What you will do: In your copy of the entries below, keep every word exactly and leave out all images.

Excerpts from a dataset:
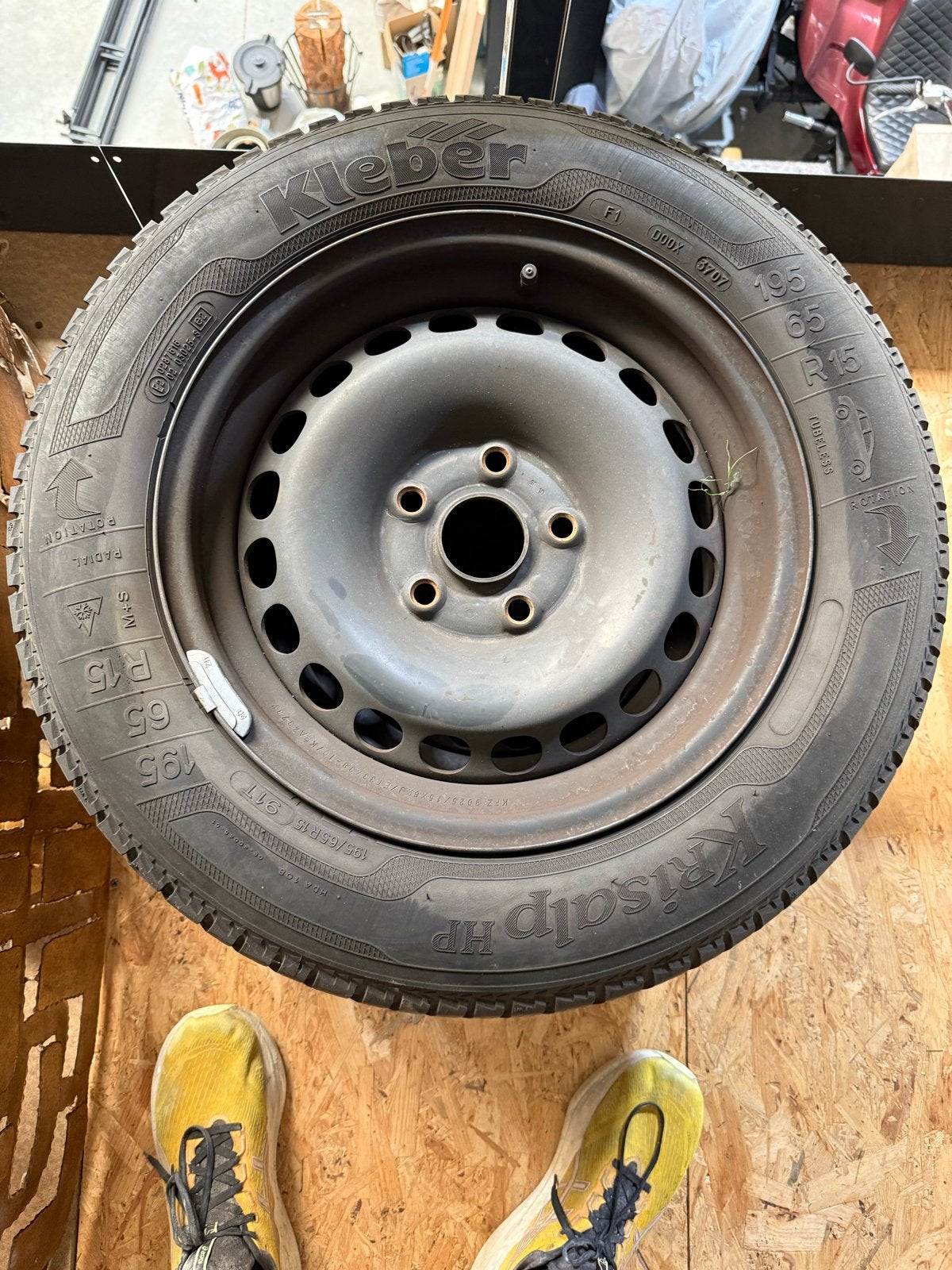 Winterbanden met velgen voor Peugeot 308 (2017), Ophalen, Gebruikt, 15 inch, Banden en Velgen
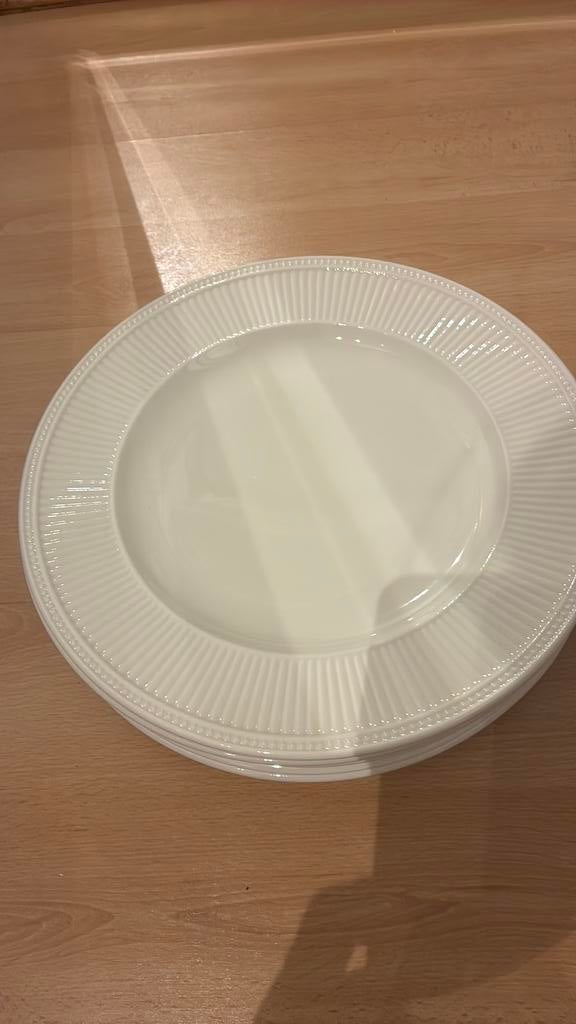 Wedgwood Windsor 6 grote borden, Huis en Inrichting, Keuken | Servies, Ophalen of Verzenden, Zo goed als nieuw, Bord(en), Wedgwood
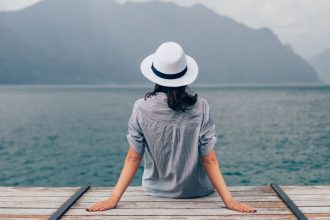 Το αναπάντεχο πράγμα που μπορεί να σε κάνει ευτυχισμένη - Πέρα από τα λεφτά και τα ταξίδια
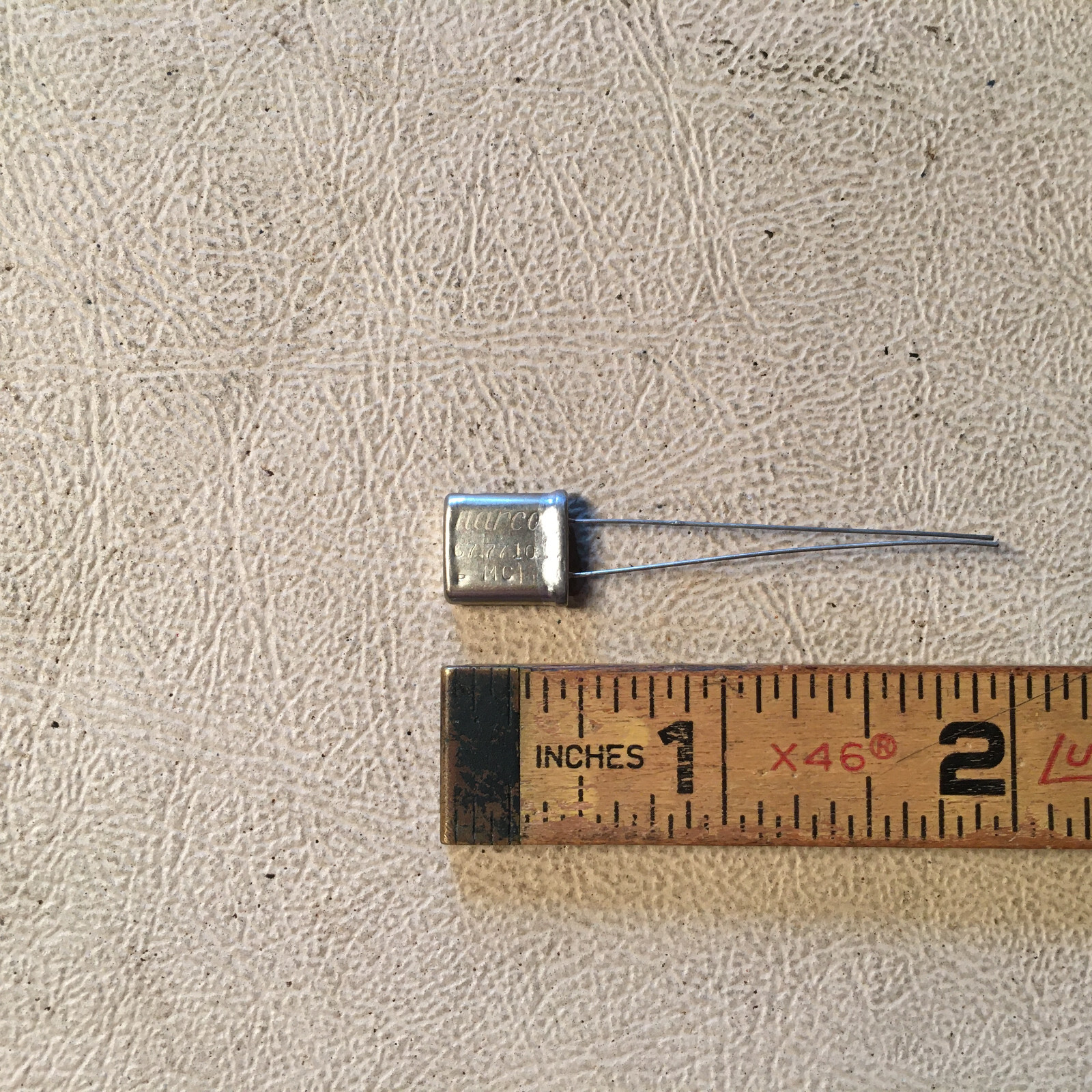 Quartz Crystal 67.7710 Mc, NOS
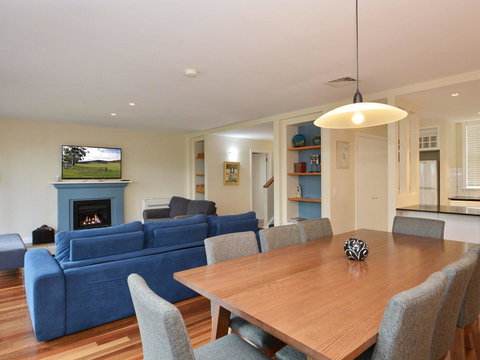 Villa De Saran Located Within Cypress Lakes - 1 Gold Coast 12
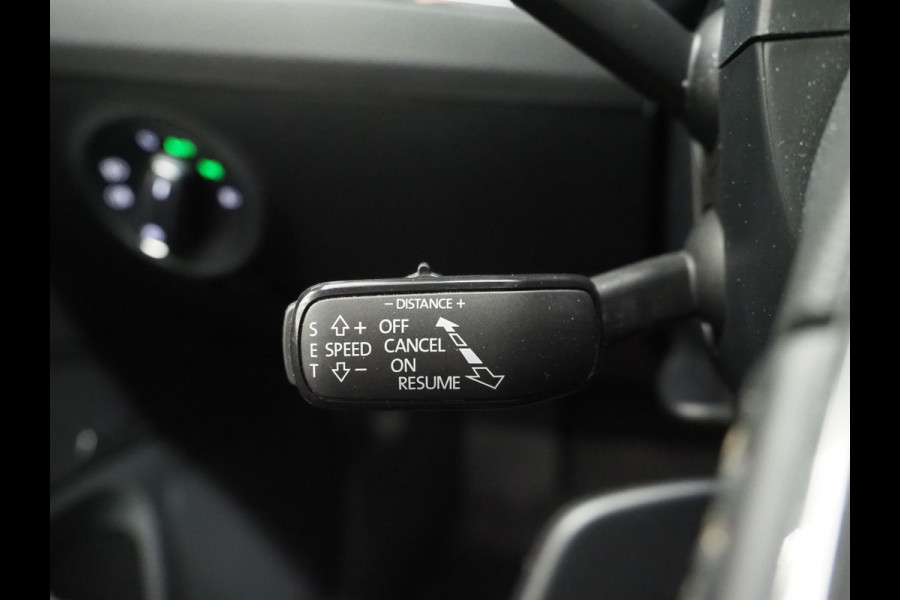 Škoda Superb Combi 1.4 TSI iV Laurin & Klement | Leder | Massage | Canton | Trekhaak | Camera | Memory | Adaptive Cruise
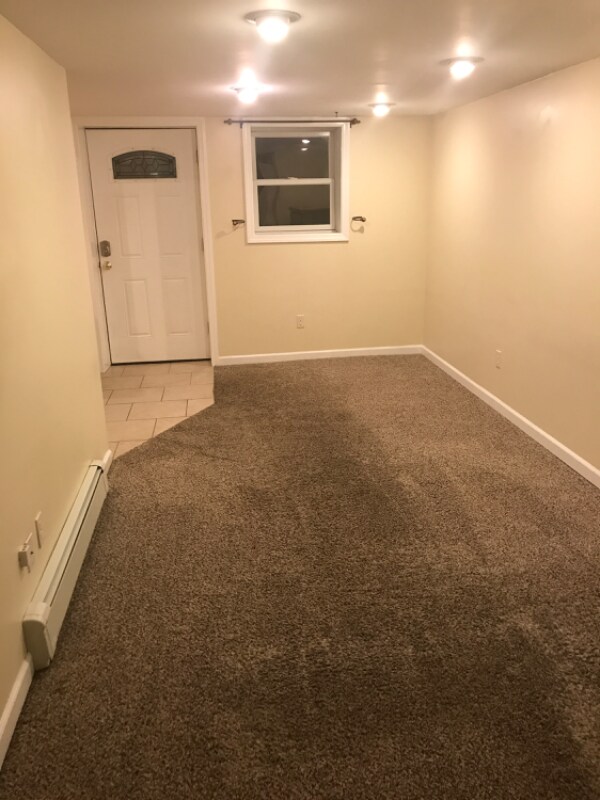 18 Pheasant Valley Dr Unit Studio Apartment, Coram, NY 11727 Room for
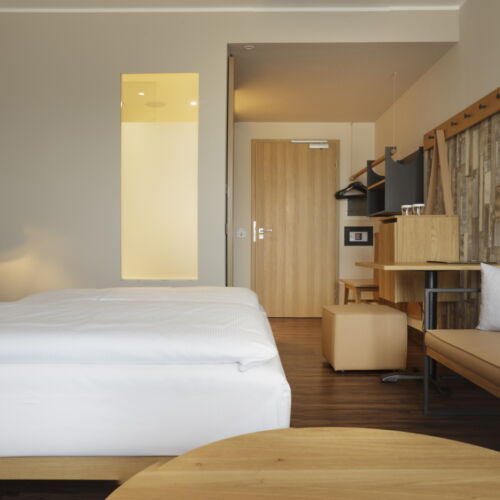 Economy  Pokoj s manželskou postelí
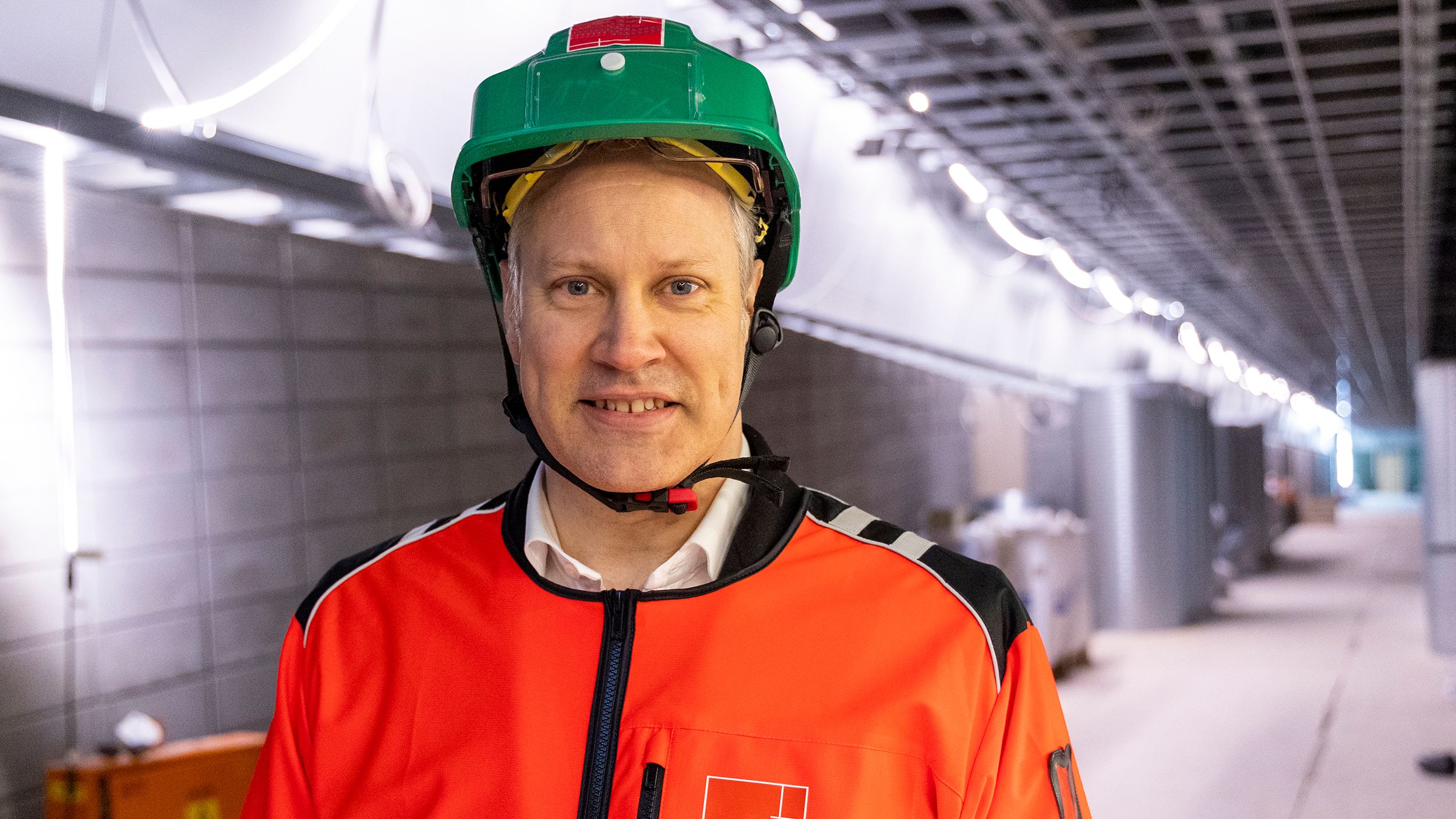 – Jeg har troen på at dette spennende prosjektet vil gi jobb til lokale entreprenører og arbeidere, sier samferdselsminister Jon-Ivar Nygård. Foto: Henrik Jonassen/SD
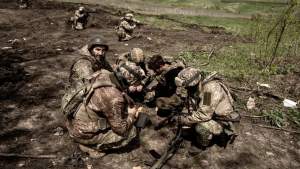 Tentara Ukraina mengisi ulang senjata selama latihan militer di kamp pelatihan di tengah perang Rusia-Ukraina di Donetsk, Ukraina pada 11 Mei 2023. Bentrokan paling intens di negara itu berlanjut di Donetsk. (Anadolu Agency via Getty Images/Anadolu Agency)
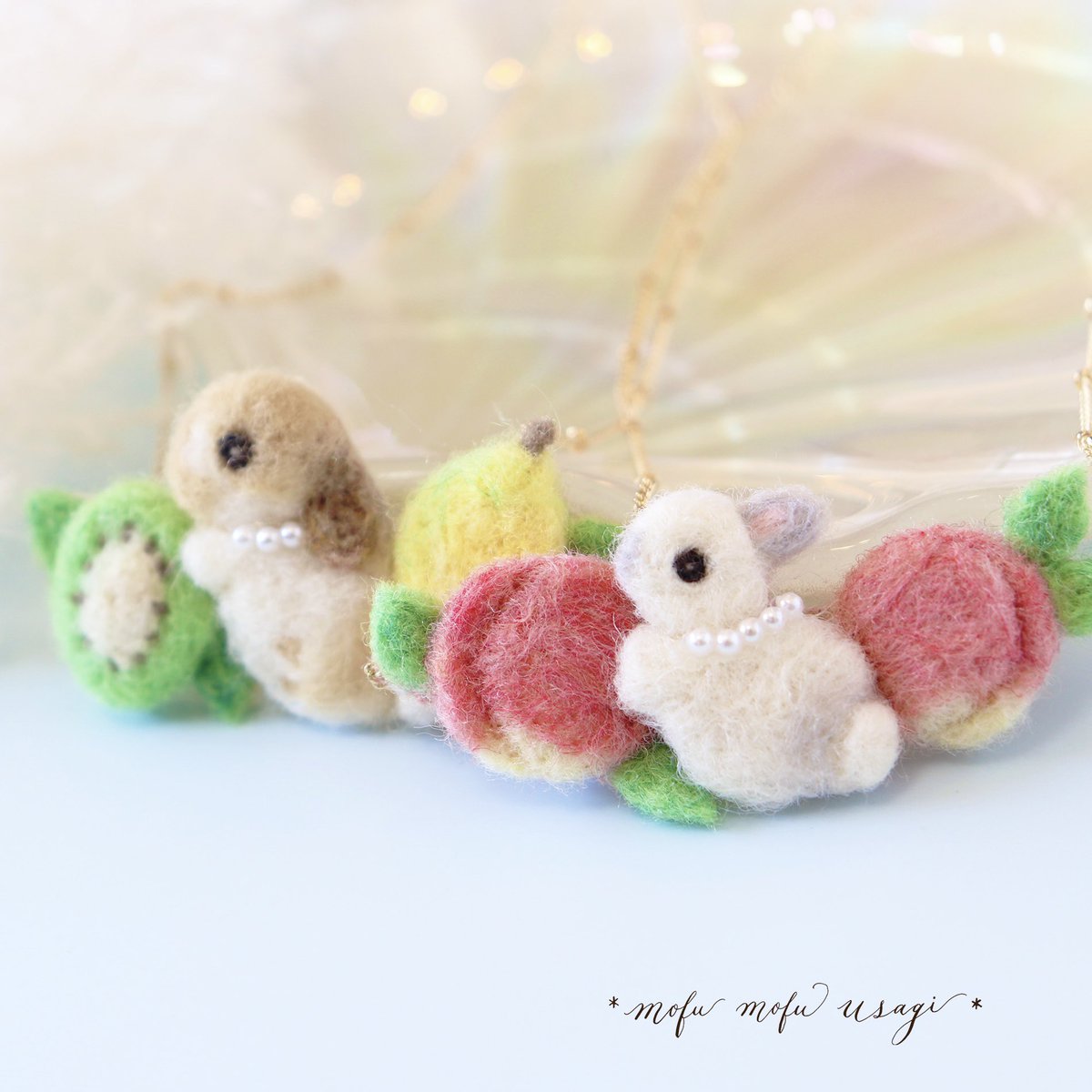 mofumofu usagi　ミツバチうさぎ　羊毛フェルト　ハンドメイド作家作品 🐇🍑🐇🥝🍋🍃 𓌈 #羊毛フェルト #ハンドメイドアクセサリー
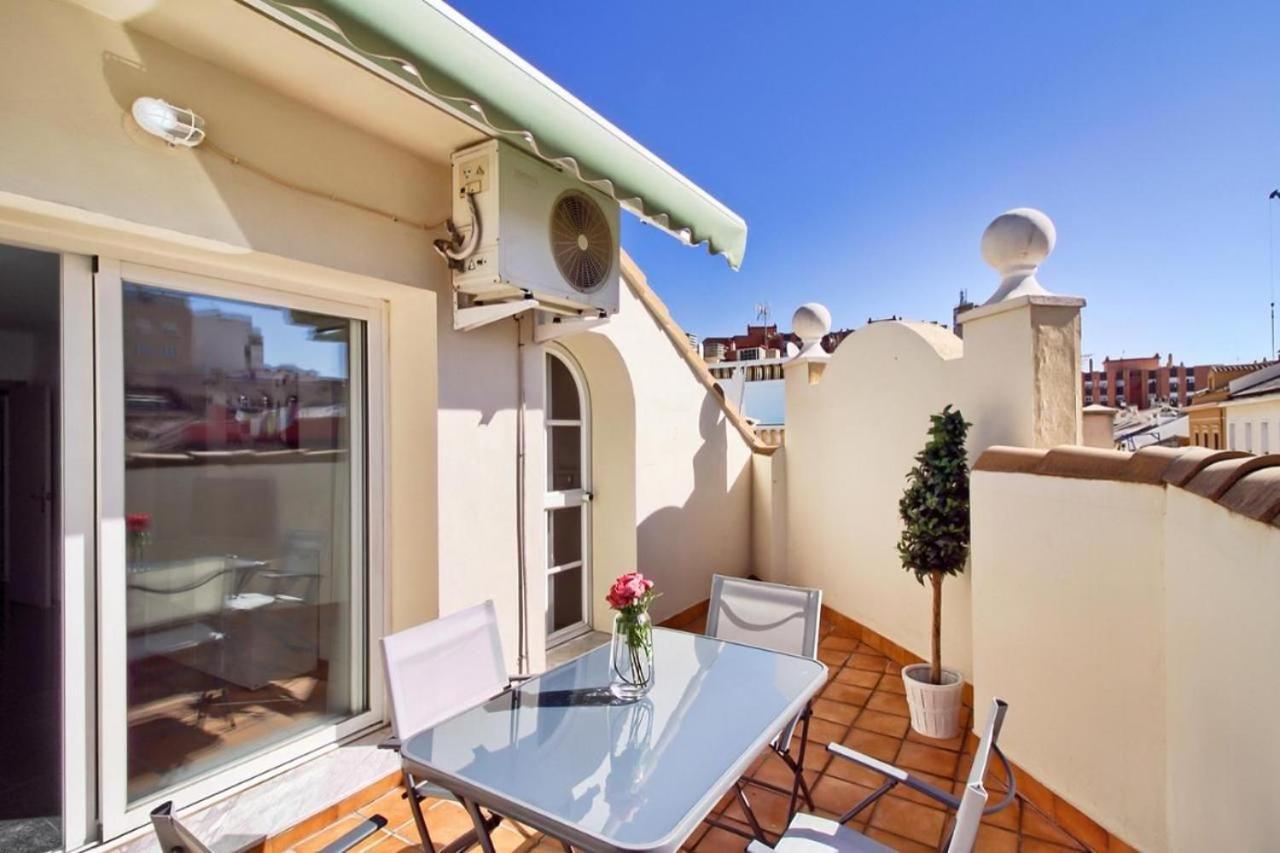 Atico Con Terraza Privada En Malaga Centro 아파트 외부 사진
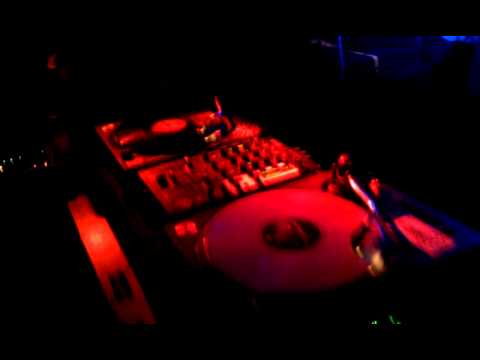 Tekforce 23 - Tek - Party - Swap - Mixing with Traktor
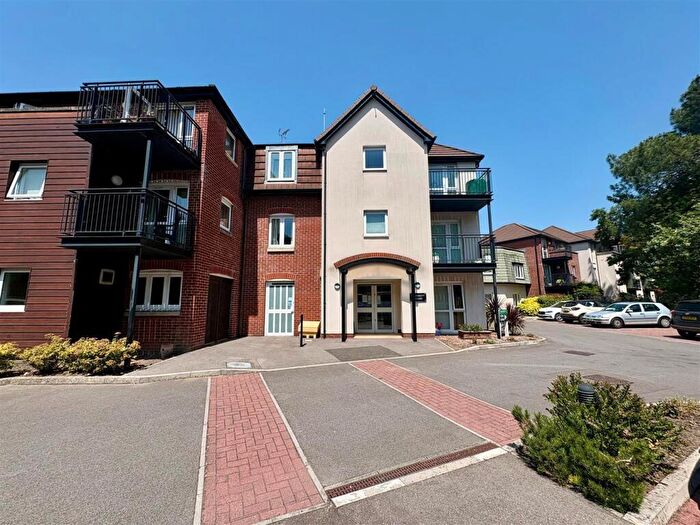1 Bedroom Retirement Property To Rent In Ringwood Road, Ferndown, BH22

Answer to this exercise:
 Winterbanden met velgen voor Peugeot 308 (2017), Ophalen, Gebruikt, 15 inch, Banden en Velgen
 Wedgwood Windsor 6 grote borden, Huis en Inrichting, Keuken | Servies, Ophalen of Verzenden, Zo goed als nieuw, Bord(en), Wedgwood
 Το αναπάντεχο πράγμα που μπορεί να σε κάνει ευτυχισμένη - Πέρα από τα λεφτά και τα ταξίδια
 Quartz Crystal 67.7710 Mc, NOS
 Villa De Saran Located Within Cypress Lakes - 1 Gold Coast 12
 Škoda Superb Combi 1.4 TSI iV Laurin & Klement | Leder | Massage | Canton | Trekhaak | Camera | Memory | Adaptive Cruise
 18 Pheasant Valley Dr Unit Studio Apartment, Coram, NY 11727 Room for
 Economy  Pokoj s manželskou postelí
 – Jeg har troen på at dette spennende prosjektet vil gi jobb til lokale entreprenører og arbeidere, sier samferdselsminister Jon-Ivar Nygård. Foto: Henrik Jonassen/SD
 Tentara Ukraina mengisi ulang senjata selama latihan militer di kamp pelatihan di tengah perang Rusia-Ukraina di Donetsk, Ukraina pada 11 Mei 2023. Bentrokan paling intens di negara itu berlanjut di Donetsk. (Anadolu Agency via Getty Images/Anadolu Agency)
 mofumofu usagi　ミツバチうさぎ　羊毛フェルト　ハンドメイド作家作品 🐇🍑🐇🥝🍋🍃 𓌈 #羊毛フェルト #ハンドメイドアクセサリー
 Atico Con Terraza Privada En Malaga Centro 아파트 외부 사진
 Tekforce 23 - Tek - Party - Swap - Mixing with Traktor
1 Bedroom Retirement Property To Rent In Ringwood Road, Ferndown, BH22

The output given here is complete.